◆ **WHAT THE EXERCISE ASKS**
Copy out the data exactly, leaving the pictures behind.

◆ **THE DATA**
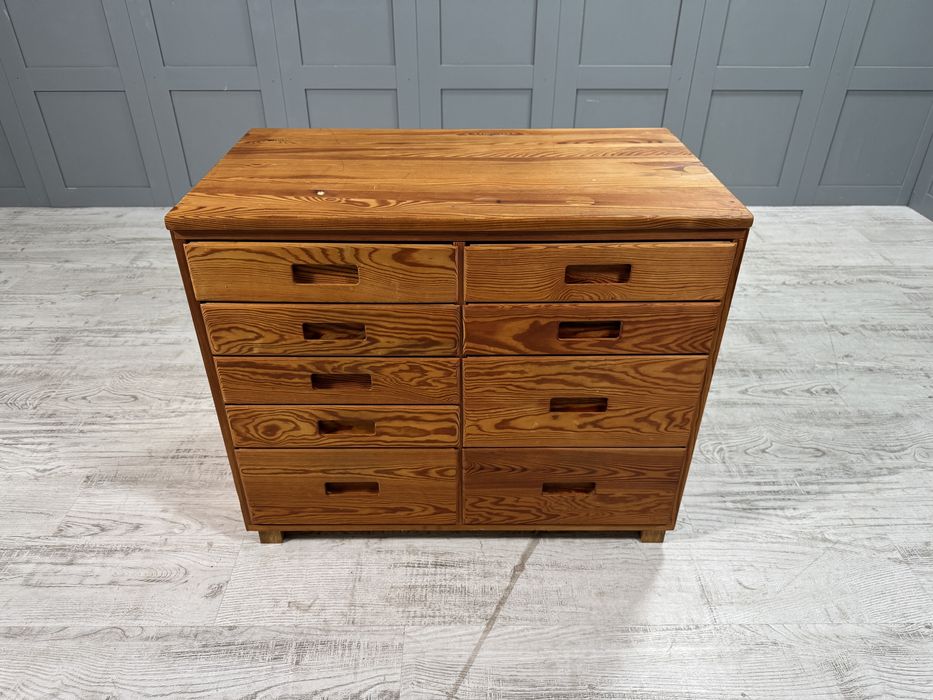 Скрин масив 9 чекмеджета К073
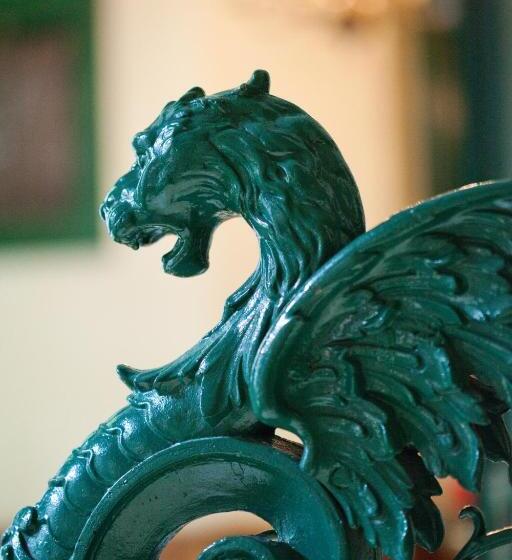 پانسیون Fink Low Budget Rooms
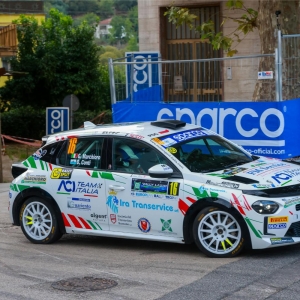 9° RALLY DEL LAZIO - Gallery 3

◆ **RESPONSE TO THE TASK**
 Скрин масив 9 чекмеджета К073
 پانسیون Fink Low Budget Rooms
 9° RALLY DEL LAZIO - Gallery 3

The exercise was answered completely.